What is being asked: Output range, inclusive: from the line containing "Chanel 2005-2006 Brown" to the line containing "Novelty Toilet Paper". Restate those lines from the data below word for word and only those.

Entries provided:
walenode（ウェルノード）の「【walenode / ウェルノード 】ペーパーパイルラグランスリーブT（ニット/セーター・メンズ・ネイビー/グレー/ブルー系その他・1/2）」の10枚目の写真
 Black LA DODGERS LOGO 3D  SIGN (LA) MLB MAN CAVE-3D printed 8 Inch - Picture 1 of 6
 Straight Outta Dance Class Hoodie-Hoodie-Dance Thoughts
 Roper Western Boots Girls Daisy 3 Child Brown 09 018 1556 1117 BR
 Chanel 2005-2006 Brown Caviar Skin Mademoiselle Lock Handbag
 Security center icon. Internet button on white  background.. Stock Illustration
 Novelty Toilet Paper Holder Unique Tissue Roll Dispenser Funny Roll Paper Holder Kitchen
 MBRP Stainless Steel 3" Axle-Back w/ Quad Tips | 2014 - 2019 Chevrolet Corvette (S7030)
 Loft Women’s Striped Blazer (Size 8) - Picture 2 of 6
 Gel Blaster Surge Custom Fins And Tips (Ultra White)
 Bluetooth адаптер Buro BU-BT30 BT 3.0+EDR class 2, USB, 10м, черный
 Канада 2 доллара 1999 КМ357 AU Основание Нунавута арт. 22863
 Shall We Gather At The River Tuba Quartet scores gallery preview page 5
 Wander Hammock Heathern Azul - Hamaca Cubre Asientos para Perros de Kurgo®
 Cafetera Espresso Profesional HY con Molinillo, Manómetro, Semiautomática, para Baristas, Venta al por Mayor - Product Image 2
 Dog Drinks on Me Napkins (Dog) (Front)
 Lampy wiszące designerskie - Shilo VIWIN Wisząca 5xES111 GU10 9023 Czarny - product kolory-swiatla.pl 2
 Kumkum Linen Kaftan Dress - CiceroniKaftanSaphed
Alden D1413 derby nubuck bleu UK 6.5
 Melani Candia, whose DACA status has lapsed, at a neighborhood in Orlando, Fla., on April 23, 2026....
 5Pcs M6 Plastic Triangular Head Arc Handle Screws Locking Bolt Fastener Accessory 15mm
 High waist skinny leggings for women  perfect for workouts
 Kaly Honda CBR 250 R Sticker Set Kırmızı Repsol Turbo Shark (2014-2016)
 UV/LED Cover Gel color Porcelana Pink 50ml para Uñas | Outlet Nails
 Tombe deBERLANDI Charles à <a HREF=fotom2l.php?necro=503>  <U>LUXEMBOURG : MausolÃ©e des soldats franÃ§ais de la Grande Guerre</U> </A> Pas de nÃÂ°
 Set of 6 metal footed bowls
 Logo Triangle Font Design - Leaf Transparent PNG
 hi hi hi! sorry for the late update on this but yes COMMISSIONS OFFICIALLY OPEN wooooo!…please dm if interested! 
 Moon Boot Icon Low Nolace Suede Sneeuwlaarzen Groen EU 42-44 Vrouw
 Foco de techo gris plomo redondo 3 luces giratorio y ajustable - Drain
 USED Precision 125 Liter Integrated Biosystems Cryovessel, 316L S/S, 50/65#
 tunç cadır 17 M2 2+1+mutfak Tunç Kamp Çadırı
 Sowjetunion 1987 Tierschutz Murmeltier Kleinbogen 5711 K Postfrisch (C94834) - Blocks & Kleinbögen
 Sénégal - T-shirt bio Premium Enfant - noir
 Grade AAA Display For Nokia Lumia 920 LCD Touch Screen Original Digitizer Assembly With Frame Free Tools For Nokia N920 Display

Task result:
 Chanel 2005-2006 Brown Caviar Skin Mademoiselle Lock Handbag
 Security center icon. Internet button on white  background.. Stock Illustration
 Novelty Toilet Paper Holder Unique Tissue Roll Dispenser Funny Roll Paper Holder Kitchen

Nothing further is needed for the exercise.